OLPC has just been awarded an order from Plan Ceibal for 90,000 XO's for teenagers in Uruguay. Yes, there will be a new XO specially for teenagers. Uruguay already has 380,000 of the original XOs for younger children, and now the kids can graduate to one designed for them as they mature.

It's to be a dual boot laptop. Note not triple boot. No Microsoft in this picture at all. GNOME has leaped into the pool to help out. The press release says, "It will feature the learning-focused Sugar user interface together with the Gnome Desktop Environment to provide a dual-boot Linux operating system with office productivity tools." I wish I were a teenager in Uruguay so I could have one. If they do the partner program, I'm in.

It has a larger keyboard, larger keys than the XO for little kids, different colors, and it will come with specialized learning programs for older children. It has a rugged surface still, will be faster than the earlier XO, will use 3 times less electricity than usual laptops, and it can be powered by alternate sources like solar panels. It ships in September. OLPC lives.

You see? Even with Microsoft and Intel in the picture and some tacks strewn on the roadway, you can't kill off a project that's FOSS-supported. The code is out there, volunteers will continue to work on it regardless of what the Big Boys pay for, despite all the nay-saying in the media, even bogo-lawsuits, and in the end, it moves forward if there is a real need for the project. I really commend Sugar for the role it has been playing.

What a lovely story.



Do you remember that adorable picture of the little girl who got her XO in Uruguay? I never forgot her grin or her bow tie.

This announcement, I hope and trust, means that she can graduate to the high school version in due time.

Here's the OLPC press release, followed by one from Sugar and GNOME:

***********************************

One Laptop per Child Will Provide XO Laptops to Uruguay High School Students

A New XO Laptop Designed for High School Students Offers Larger Keyboard, Specialized Learning Applications

MIAMI--(BUSINESS WIRE)--One Laptop per Child (OLPC), a nonprofit organization whose mission is to help provide every child in the world access to a modern education, has been awarded a bid by Plan Ceibal to provide 90,000 XO laptops for high school students in Uruguay. This is the first time the OLPC XO laptops have been specifically designed for high school-aged students and represents a major expansion in the learning program that will have a global impact. Plan Ceibal has provided a connected laptop to every primary school student in Uruguay with 380,000 XOs and will now begin to expand the highly successful One Laptop per Child program to its high schools.

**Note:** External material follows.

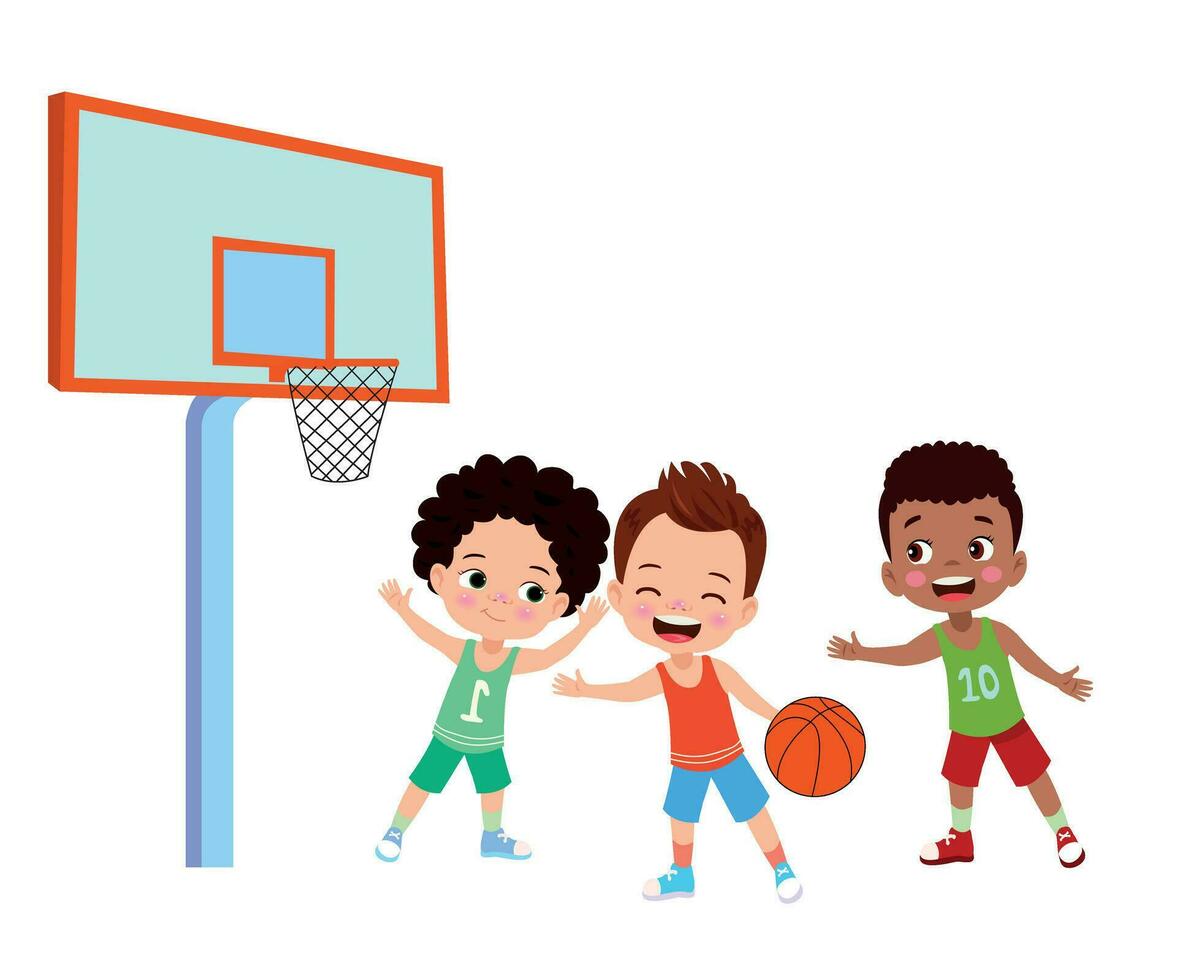 vector illustratie van kind spelen basketbal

The XO high school laptop (XO HS) has the same industrial design as the original XO 1.0. Based on a VIA processor, it will provide 2X the speed of the XO 1.0, 4X DRAM memory and 4X FLASH memory. The XO high school laptop is designed with a larger keyboard better suited to the larger hands and fingers of older students. It will feature the learning-focused Sugar user interface together with the Gnome Desktop Environment to provide a dual-boot Linux operating system with office productivity tools.

The XO HS laptops will be delivered with age-appropriate learning programs adapted to the scholastic needs of secondary schools. A new color variation for the laptop’s case will be an option for the high school model.

The XO has been designed to work in the places that need it the most. It has a rugged surface which makes it well-suited for remote classrooms and daily transportation between home and school, uses three times less electricity than other laptops and can be powered by alternate sources like solar panels.

Deliveries of the XO high school edition laptops will begin in September 2010.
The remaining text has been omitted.